There are really two types of efficiency. One is how well you use to juice you do draw to heat the water and the other is how much juice you need to draw in the first place in order to achieve the same temperature increase. Existing electric heaters may well be close to 99% efficient as far as using the electricity they draw to heat water. And in that area it obviously would be very hard to improve. There can technically be no improvement really.
But there could be an improvement in how much energy is drawn in the first place and this would be mainly due to the way the energy is transfered from the device to the water. The heating elements in a traditional heater may have to get far far hotter than the water itself just because they don't come in contact with all the water at once, just a small layer of molecules. The magnetron will transfer energy directly to the entire mass of the water which might make it less wasteful. And once you switch the water off you are left with some very hot heating elements that have energy in them never used at the tap as hot water.
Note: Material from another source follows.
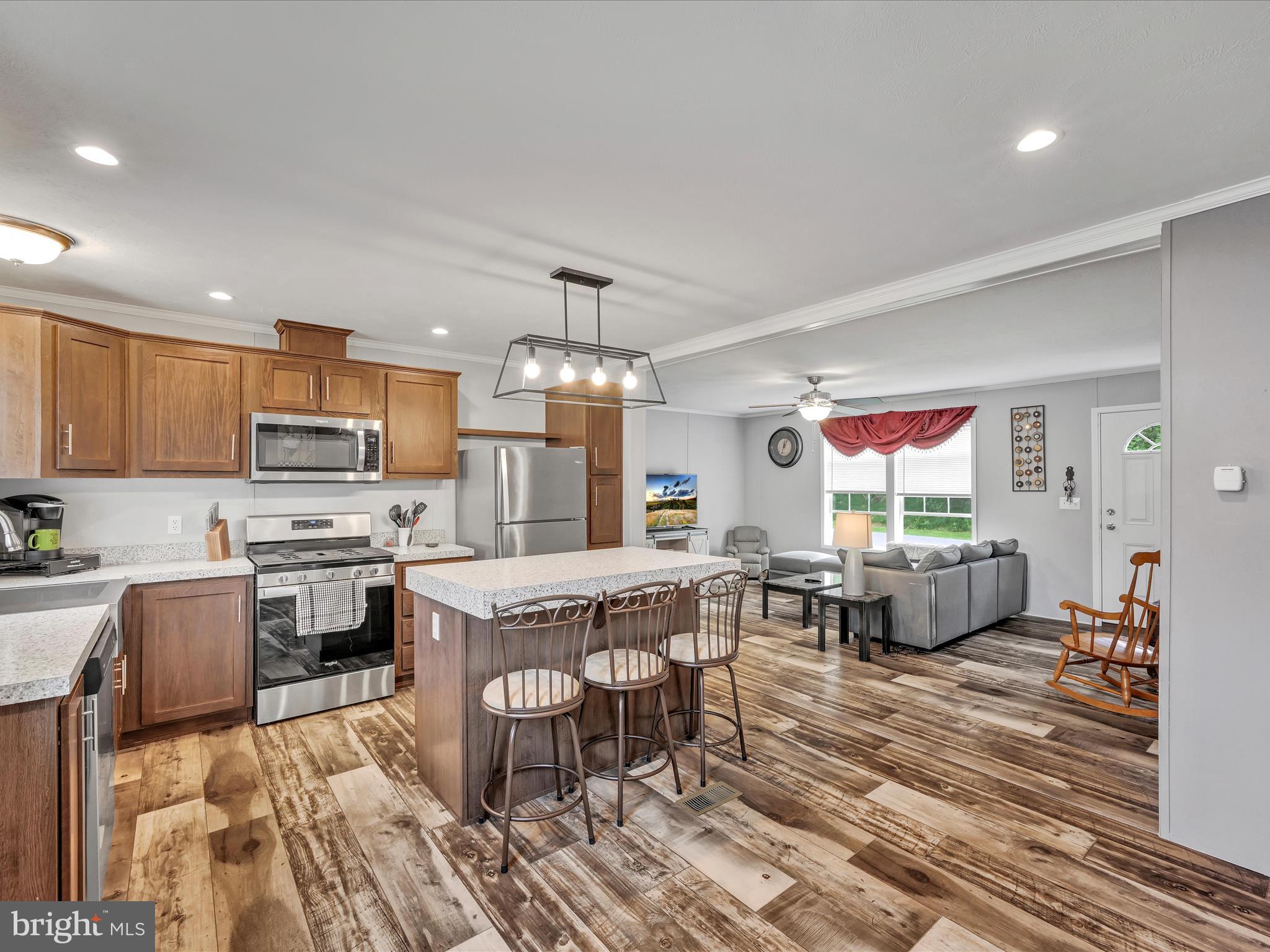 95 Spring Garden Estates Carlisle, PA 17015 - Photo 8 of 26 Eat-In-Kitchen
I guess using an electric oven vs a microwave to heat a gallon of water by a number of degrees is a fairly good example. They both transfer 99% of the energy they draw into heat but I'm fairly sure the oven will use more watts hour at the end and also take longer.
Maybe I am wrong as to the details but there definitely has to be some fundamental reason why transferring the energy as microwaves is better than through contact, otherwise there would be no reason at all to bother developing a microwave heater. Well other than some minor advantages like less corrosion. And they would know that.